Другое дело, что в таком понимании этот термин уязвим для спекуляции. Потому что если мы определяем его как несанкционированное применение насилия, то получается, что все, что нам не нравится, - это терроризм. Понятно, что почти никому не нравится насилие. Но где тут провести грань между террористом и борцом за свободу? Ответ здесь только один: если вы побеждаете, то вы борцы за свободу, если нет - террористы.
Таким образом, есть некоторый порог, перейдя который терроризм становится национально-освободительным движением, за которым стоят массы. И то же ИГ претендует именно на это. В истории бывали случаи, когда террористы легитимировались.
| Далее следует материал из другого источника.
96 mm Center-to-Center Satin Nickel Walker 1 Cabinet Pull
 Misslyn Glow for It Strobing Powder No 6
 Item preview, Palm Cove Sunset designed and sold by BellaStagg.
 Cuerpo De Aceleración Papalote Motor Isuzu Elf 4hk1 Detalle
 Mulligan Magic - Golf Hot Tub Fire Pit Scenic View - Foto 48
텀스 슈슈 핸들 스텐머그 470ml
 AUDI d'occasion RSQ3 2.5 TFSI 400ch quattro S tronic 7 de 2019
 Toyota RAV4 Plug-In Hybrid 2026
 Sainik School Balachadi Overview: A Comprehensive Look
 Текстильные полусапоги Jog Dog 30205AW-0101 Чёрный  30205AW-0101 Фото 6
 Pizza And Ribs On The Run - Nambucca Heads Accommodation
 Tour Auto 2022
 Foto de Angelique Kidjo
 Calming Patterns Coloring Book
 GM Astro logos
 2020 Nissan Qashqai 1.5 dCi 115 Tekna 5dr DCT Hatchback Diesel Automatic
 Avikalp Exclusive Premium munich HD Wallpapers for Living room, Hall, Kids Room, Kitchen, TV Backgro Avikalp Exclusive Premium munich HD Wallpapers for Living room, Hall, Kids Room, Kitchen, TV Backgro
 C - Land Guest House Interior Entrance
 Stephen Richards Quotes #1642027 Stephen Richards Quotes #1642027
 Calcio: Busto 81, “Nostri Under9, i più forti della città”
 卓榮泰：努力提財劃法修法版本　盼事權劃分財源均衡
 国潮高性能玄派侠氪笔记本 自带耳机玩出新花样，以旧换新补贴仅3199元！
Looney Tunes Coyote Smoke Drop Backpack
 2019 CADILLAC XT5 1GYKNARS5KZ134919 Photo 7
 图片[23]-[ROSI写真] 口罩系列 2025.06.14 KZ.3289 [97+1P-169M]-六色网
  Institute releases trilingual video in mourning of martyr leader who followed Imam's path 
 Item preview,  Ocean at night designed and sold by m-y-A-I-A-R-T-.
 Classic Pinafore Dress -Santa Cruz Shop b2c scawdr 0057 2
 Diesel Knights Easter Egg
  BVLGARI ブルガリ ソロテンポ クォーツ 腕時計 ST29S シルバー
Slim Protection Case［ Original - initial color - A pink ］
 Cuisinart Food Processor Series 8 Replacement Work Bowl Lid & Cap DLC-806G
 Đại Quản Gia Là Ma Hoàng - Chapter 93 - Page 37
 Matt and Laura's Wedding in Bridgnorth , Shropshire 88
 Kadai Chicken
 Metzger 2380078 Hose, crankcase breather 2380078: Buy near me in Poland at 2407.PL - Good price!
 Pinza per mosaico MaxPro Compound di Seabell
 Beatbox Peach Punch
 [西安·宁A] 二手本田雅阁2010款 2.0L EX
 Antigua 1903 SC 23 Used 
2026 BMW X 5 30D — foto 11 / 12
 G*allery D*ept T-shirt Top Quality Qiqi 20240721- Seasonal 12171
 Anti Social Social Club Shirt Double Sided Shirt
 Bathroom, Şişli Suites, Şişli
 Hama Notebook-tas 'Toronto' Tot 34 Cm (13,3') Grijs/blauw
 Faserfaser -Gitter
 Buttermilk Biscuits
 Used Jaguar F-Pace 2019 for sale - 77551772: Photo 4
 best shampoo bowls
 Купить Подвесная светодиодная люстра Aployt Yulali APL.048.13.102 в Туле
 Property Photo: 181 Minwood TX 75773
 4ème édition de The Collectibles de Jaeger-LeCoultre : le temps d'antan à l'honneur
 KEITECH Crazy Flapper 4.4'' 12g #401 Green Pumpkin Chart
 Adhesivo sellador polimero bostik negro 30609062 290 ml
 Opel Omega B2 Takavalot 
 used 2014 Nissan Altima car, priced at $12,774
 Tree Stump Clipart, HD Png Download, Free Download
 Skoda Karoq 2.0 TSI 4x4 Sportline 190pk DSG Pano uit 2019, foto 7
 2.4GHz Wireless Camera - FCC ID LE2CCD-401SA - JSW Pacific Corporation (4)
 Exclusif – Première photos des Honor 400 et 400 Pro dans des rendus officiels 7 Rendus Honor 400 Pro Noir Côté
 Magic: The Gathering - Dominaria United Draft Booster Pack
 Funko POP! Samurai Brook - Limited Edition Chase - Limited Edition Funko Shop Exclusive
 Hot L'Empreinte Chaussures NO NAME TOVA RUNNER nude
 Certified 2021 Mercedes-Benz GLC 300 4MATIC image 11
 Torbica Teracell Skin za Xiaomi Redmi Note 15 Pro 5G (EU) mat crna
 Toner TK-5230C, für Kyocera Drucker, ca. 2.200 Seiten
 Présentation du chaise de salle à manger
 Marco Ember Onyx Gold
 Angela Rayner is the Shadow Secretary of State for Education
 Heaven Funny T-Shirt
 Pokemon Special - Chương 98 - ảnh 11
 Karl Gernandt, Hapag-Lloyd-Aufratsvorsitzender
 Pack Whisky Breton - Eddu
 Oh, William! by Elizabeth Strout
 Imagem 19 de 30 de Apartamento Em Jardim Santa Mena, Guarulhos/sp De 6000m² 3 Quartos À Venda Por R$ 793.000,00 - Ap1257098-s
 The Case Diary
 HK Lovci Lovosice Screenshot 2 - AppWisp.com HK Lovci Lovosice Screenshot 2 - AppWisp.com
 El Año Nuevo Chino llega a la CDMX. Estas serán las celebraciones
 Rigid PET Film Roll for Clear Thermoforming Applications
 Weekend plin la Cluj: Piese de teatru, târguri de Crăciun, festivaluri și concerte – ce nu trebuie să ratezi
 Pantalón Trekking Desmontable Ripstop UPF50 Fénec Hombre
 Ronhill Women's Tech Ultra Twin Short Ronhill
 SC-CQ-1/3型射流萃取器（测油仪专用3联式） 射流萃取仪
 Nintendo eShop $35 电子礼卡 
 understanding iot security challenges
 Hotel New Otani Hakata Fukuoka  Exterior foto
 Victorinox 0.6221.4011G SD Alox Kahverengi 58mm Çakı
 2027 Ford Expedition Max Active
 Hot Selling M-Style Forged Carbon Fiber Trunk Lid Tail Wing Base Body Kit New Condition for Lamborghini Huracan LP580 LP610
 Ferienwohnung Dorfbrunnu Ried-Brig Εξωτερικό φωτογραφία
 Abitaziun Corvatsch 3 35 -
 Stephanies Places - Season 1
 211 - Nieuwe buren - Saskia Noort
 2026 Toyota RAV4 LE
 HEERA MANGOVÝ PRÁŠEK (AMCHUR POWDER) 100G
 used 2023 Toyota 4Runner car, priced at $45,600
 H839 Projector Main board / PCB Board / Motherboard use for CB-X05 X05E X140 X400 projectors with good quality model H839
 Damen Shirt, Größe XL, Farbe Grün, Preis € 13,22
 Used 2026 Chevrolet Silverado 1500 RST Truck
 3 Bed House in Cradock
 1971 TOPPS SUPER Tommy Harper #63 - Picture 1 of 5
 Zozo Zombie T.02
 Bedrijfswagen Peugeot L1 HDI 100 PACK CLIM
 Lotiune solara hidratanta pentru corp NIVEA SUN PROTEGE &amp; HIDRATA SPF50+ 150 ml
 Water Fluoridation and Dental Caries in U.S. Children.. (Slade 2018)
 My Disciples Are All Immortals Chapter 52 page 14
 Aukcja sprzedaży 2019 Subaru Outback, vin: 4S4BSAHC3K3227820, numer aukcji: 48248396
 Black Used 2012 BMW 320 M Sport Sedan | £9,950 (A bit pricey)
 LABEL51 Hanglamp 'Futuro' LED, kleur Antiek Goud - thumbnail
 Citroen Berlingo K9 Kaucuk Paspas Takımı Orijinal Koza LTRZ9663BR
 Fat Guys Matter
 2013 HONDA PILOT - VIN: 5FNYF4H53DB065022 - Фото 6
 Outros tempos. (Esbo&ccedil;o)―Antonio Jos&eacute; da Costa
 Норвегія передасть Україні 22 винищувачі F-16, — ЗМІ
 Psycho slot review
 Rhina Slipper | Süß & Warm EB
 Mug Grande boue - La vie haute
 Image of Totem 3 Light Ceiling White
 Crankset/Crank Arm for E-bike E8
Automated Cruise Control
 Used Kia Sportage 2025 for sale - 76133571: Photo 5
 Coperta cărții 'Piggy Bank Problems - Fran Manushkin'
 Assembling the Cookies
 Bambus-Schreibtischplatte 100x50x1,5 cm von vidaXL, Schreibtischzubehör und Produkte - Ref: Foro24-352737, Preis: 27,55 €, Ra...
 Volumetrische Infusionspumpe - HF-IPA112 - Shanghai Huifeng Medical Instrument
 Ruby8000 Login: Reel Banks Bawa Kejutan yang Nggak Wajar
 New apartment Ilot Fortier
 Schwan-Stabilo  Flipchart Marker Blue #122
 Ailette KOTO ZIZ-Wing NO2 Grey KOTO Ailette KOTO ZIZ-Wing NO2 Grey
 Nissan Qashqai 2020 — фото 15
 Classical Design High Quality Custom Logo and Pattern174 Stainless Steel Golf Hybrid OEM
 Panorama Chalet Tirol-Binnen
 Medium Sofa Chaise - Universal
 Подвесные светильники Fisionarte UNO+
Например, Ясиру Арафату сказали: «Да, вы немного пошалили, но сейчас мы видим, что вы народный вождь». Поэтому государство называет терроризмом все, что публично нарушает его монополию на насилие, а на деле необходимо различать акты отчаянных фанатиков и ситуацию гражданской войны.
Можно привести в пример процесс против Олега Сенцова, которому поджог двери вменили как «терроризм». Здесь даже насилия как такового не было совершено, но политическая мотивация была использована, во-первых, для утягчения приговора, а во-вторых, для квалификации политического акта как уголовного.
Или пример из другого лагеря - известно, что украинское правительство объявило донбасское и луганское ополчения «террористами» и начало антитеррористическую операцию против них. Ирония в том, что они воспроизвели дискурс «Россия - Чечня», потому что в той ситуации тоже было непонятно, с кем мы воюем: с террористами, бандитами или армией независимого государства? И российское государство использовало одновременно определения «террористов» (политическое определение) и «бандитов» (деполитизированное определение).
Но в действительности Донбасс и Луганск, как бы к ним ни относиться, и кто бы извне ни спровоцировал самозахват власти ополчением - это, конечно, не «терроризм» вовсе, а повстанческие движения, которые охватили заметную территорию. Государство часто увлекается такими играми, и реальные конфликты становятся неразрешимыми, потому что одна из сторон считает, что перед ней бандиты-террористы. А «бандиты-террористы» считают, что они народные вожди.
В противовес этому наука и здравый смысл, как мне кажется, должны бороться за сужение определения «терроризма». Пусть эта категория обозначает только тип используемых средств - «использование насилия против случайных представителей гражданского населения с целью его запугивания»! И только на этом основании предъявлять обвинения в терроризме, бороться с терроризмом и т.д. И не путать его с другими видами преступлений, политических актов или актов войны.
Здесь для диагноза очень важна эта логика выбора случайных экземпляров, которая восходит еще к архаическим жертвоприношениям и противоречит христианскому и просвещенческому персонализму. И тогда, кстати, выяснится, что зачастую терроризмом - посадкой, например, случайных представителей политической оппозиции для ее острастки - занимаются как раз сами государства.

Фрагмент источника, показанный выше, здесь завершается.